The Modern Marketing Multi-Channel ETL Platform is an end-to-end ELT solution that unifies data from Facebook Ads, Google Ads, and HubSpot into Snowflake for centralized analytics. It uses Airbyte and Fivetran for extraction and loading raw data into Snowflake staging schemas, and dbt for building incremental fact and dimension models. The platform supports up to ~10GB of daily data, includes CI/CD and automated tests, and was delivered over 7 months, on time, with a scalable and maintainable architecture. This enables marketing teams to get unified, near real-time insights across channels, improving campaign performance and ROI.
The platform follows a modern data stack, ELT-first architecture:
Sources: Facebook Ads API, Google Ads API, HubSpot API.
Extraction Layer: Airbyte / Fivetran connectors pull data from APIs.
Loading Layer: Raw data synced directly into Snowflake raw_staging schema.
Transformation Layer: dbt models transform raw tables into incremental facts and dimensions in transformed schemas.
Consumption Layer: BI tools like Tableau connect to Snowflake for dashboards and reports.
Connectors are scheduled hourly/daily, and dbt transforms run post-load to keep analytics up to date.
Raw Staging Schema (Snowflake): Tables like raw_staging.facebook_ads_insights, google_ads_campaigns, hubspot_deals. Light normalization from Airbyte/Fivetran (JSON flattening).
Transformed Schema (Snowflake): Fact Tables (e.g. fact_campaign_performance for daily impressions/clicks/spend) and Dimension Tables (users, campaigns, channels, etc.) with SCD Type 2 support.
Modeling Approach: Pure ELT (Raw in Snowflake, transformation fully in-warehouse via dbt). Incremental models using is_incremental() and unique_key configurations.
Extract & Load (EL): Airbyte/Fivetran connectors pull data from Facebook, Google, and HubSpot APIs directly into Snowflake’s staging schema on a scheduled basis (daily/hourly).
Transform (T): dbt models build incremental facts and dimensions. SQL models enforce business rules and unify metrics across disparate channels.

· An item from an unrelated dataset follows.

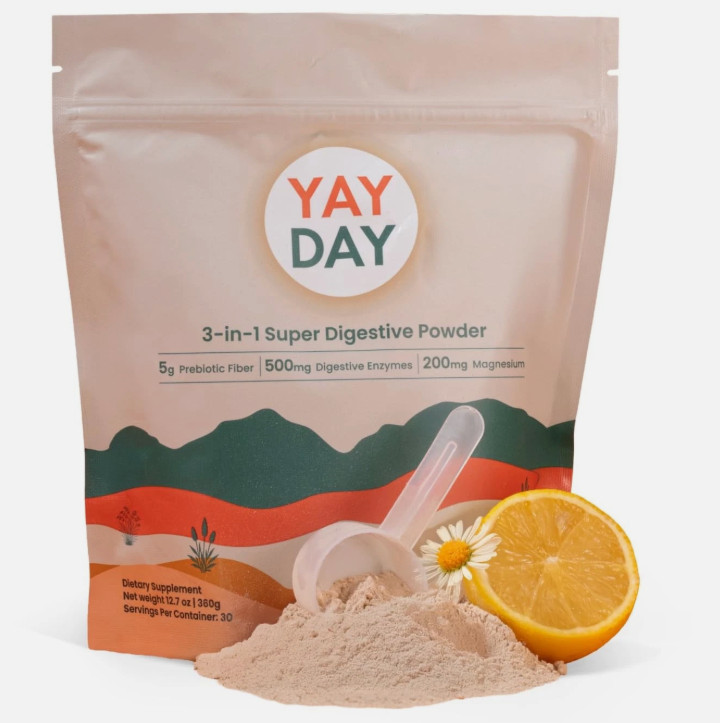 YayDay Nighttime Prebiotic Fiber Powder with Digestive Enzymes Magnesium Gly…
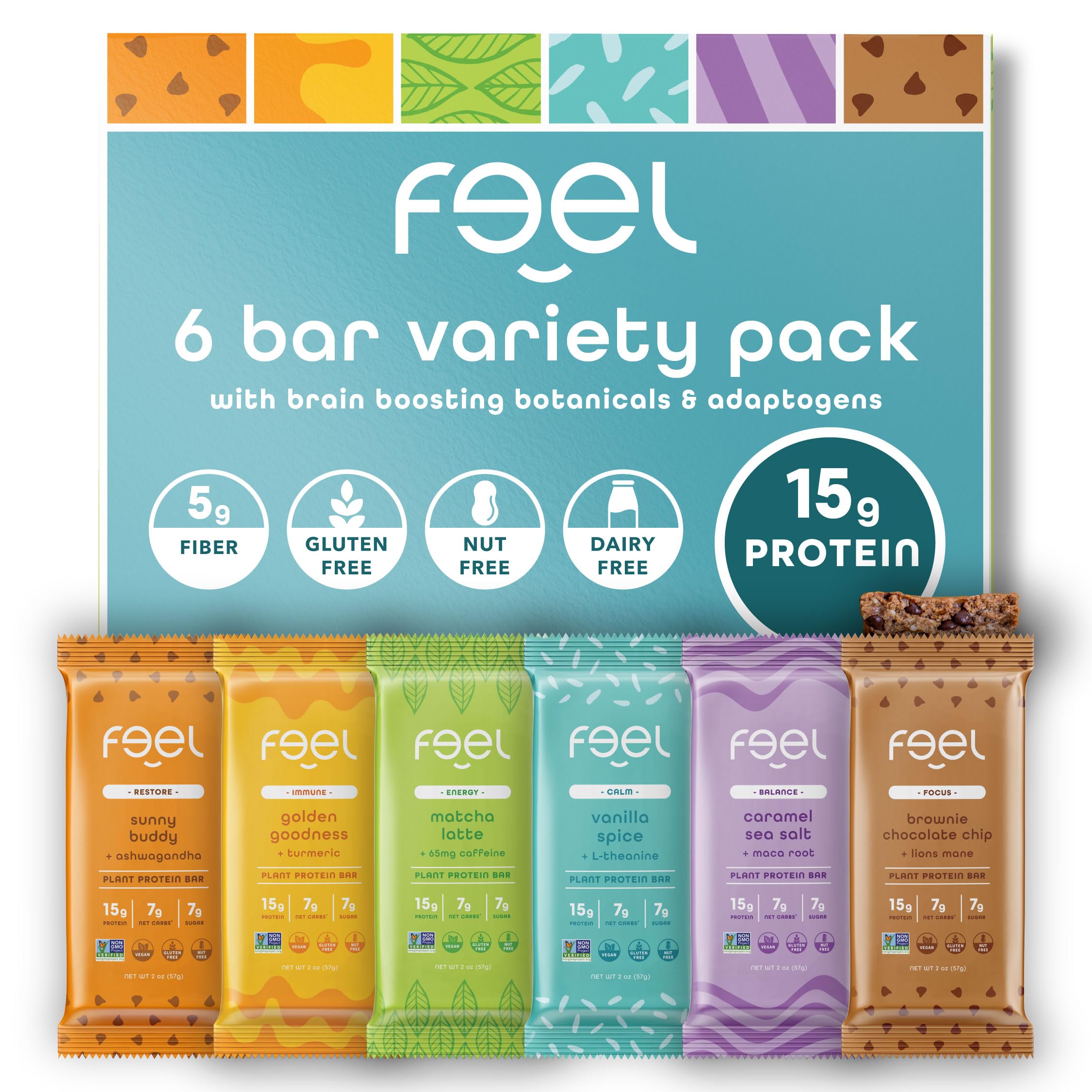 Feel Vegan Protein Bars, Variety Pack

Data Quality & Testing: dbt tests (not_null, unique, relationships) ensure accuracy and consistency before deployment.
Project Start: April 1, 2025 | Duration: ~7 months (Delivered on time)
Testing: dbt schema tests (unique, relationship, etc.); Integration tests via sync mocks; Performance tests ensuring daily runs under ~30 minutes with 99.9% accuracy.
Deployment: dbt runs triggered via GitHub Actions/CI on merges to main. Environments (dev/staging/prod) managed via Snowflake schemas and dbt targets.
Monitoring: Snowflake query history, warehouse usage reviews, dbt run logs, and CI/CD pipeline status alerts.
Maintenance: Weekly model reviews, annual audits, and schema change handling via Fivetran’s auto-schema capabilities and dbt refactors. Estimated Cost: ~$400/month.
Methodology: Agile with 2-week sprints, focusing on iterative ELT builds.